About: I am an architectural designer and artist who loves to make beautiful things.

This instructable is for anyone who is interested in learning how to make a lei po'o.

Lei po'o are traditional Hawaiian adornments that are worn around the head. They can be made out of feathers, leaves, flowers, or raffia. The lei in this instructable is made out of simple raffia, and can be used as an adornment for traditional hula kahiko (ancient hula dancing.)

I love that lei po'o are seen with reverence among hula dancers-it is an honor to be able to make and wear the lei, and to be part of a tradition that dates back to ancient times. While this lei is incredibly simple, it takes a lot of time and patience (ahonui) to create. Ahonui is a virtue in hula dancing, and taking the time to create a lei po'o can be seen as a simple way to practice and celebrate this virtue.

Step 1: Assemble


  • Raffia-raffia is a natural material derived from palm trees that can be purchased from most craft stores. I bought mine from Michaels.
  • Scissors-for cutting raffia
  • Wired Brush-for ruffing out the raffia ends and creating a more full lei po'o. I got mine in the pet section at Target.

Step 2: Cut Strands

Cut multiple strands of raffia at around 9" in length. These will be used to create the "feathered" edge around the lei po'o crown.

Step 3: Create Base for Lei Po'o

Cut 3 pieces of raffia of equal length, about the length of the circumference of your head, plus an extra 12" or so. Tie a knot on one end, leaving around 6" of extra raffia on the shorter end of the knot. This extra raffia will be used to tie the po'o into a unified circle one it is finished.

This may sound odd, but once the knot is tied, it helps to wrap the end strands of the end around your big toe. This will keep the strands in place for the next step.

Step 4: Knot

This is the hardest and most time-consuming step.

Knot the 9" raffia strands around the raffia base by creating simple loops. Pull the loop tight and then repeat, until you have a string of loops the length of the circumference of your head. Knot the three strands of the base on this end as well, leaving at least 6 inches of raffia beyond the knot.

See video demonstrating the loop method.

Step 5: Repeat

Repeat steps 1-3, to create two sets of looped raffia, both the length of the circumference of your head.

Step 6: Attach

Attach both sets of looped raffia together by setting them side by side and stringing a long string of raffia around the base multiple times.

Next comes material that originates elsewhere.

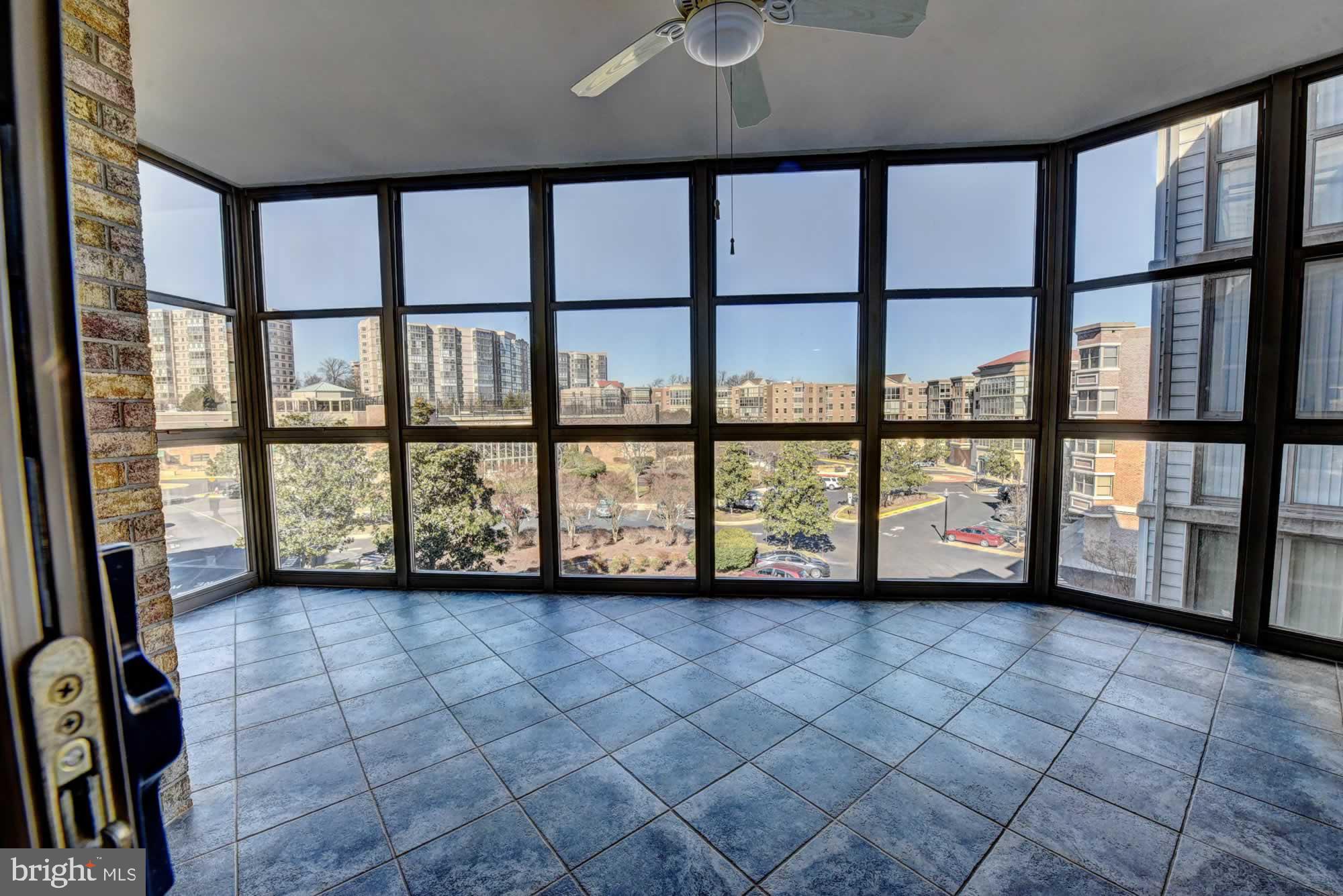 LEISURE WORLD - Residential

It may help to thread a piece of raffia through a large needle and string the pieces around with the needle.

Step 7: Cut

Once you have two sets of looped raffia attached together, you can cut the raffia to the appropriate size. The crown should protrude from the base approximately the same length as a standard credit card. Use a card as a guide while cutting the edges of the raffia.

Step 8: Ruffle

Once the lei is the appropriate length, it should be ruffled with a wire brush to give it the appropriate fullness. This will also split the raffia strings into multiple, thin strands, so the finished project looks "feathered." Aggressively brush the lei along the sides and front, ruffing out the strands.

Step 9: Tie

There should be around 6" of raffia beyond each end of the lei. Braid the extra raffia on each end, and then tie the braids together to create a single, cohesive crown.

That's it! Enjoy celebrating Hawaiian culture and cultivating your inner ahonui.